Integration of One over X

The integration of one over x is another important formula of integration.

The integration of one over X is of the form

\int {\frac{1}{x}dx = } \ln x + c

Now consider

\begin{gathered} \frac{d}{{dx}}\left[ {\ln x + c} \right] = \frac{d}{{dx}}\ln x + \frac{d}{{dx}}\left( c \right) \\ \Rightarrow \frac{d}{{dx}}\left[ {\ln x + c} \right] = \frac{1}{x} + 0 \\ \Rightarrow \frac{1}{x} = \frac{d}{{dx}}\left[ {\ln x + c} \right] \\ \Rightarrow \frac{1}{x}dx = d\left[ {\ln x + c} \right]\,\,\,\,{\text{ - - - }}\left( {\text{i}} \right) \\ \end{gathered}

Integrating both sides of equation (i) with respect to x, we have

\int {\frac{1}{x}dx} = \int {d\left[ {\ln x + c} \right]}

Since integration and differentiation are reverse processes to each other, the integral sign \int {} and \frac{d}{{dx}} on the right side will cancel each other out, i.e.

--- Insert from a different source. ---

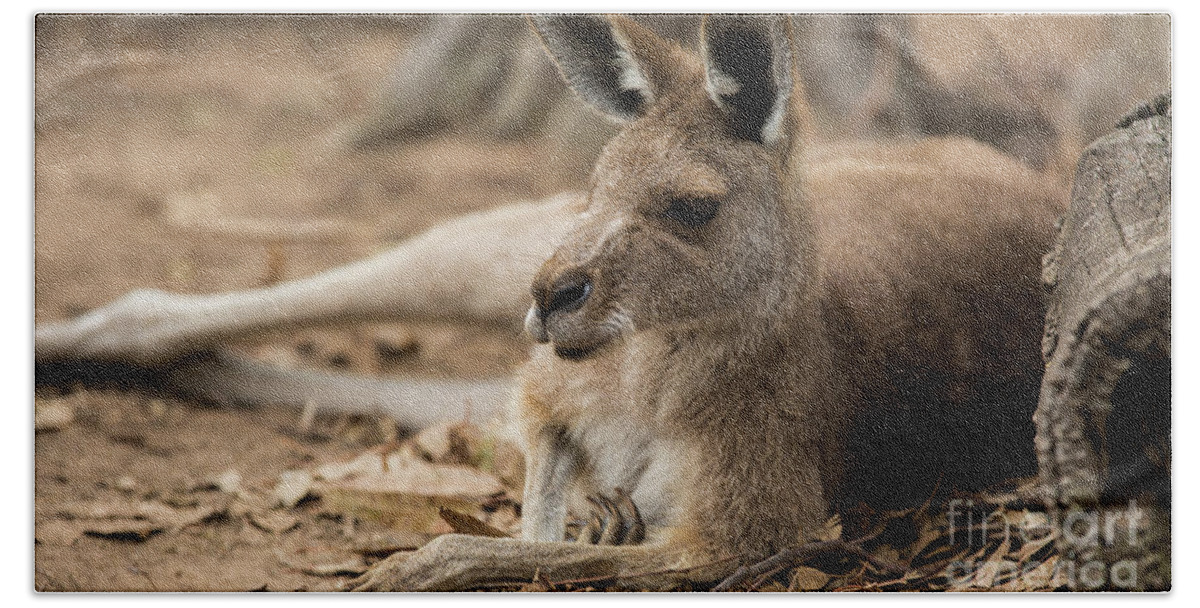 Australia Hand Towel featuring the photograph Kangaroo by Agnes Caruso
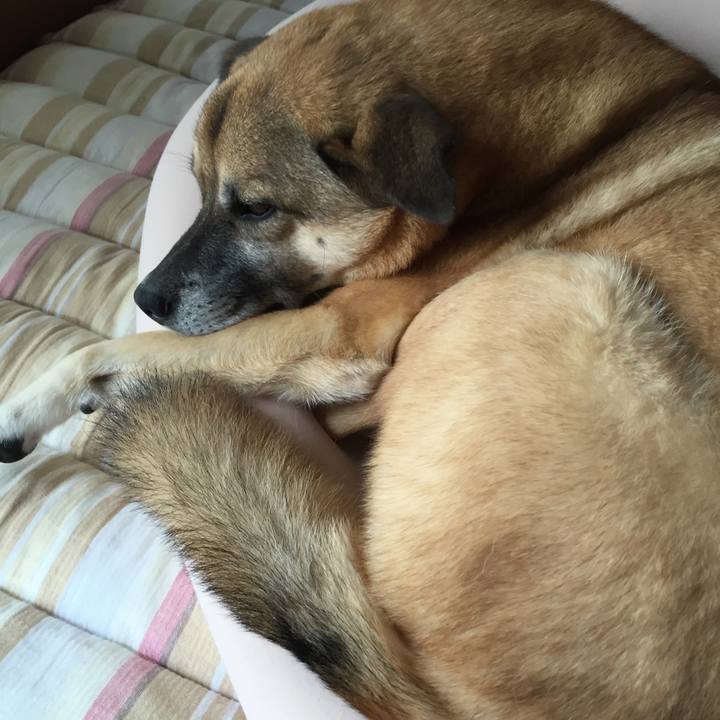 77ee824f 9469 4fac ae80 a955f6a3d941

\int {\frac{1}{x}dx} = \ln x + c

Example: Evaluate the integral \int {\frac{{1 - x}}{x}dx} with respect to x

We have integral

I = \int {\frac{{1 - x}}{x}dx}


\begin{gathered} \int {\frac{{1 - x}}{x}dx} = \int {\left( {\frac{1}{x} + \frac{x}{x}} \right)\,} dx \\ \Rightarrow \int {\frac{{1 - x}}{x}dx} = \int {\left( {\frac{1}{x} + 1} \right)\,} dx \\ \end{gathered}

Using integration of one over X, we have

\begin{gathered} \int {\frac{{1 - x}}{x}dx} = \int {\frac{1}{x}} \,dx + \int {1\,dx} \\ \Rightarrow \int {\frac{{1 - x}}{x}dx} = \ln x + x + c \\ \end{gathered}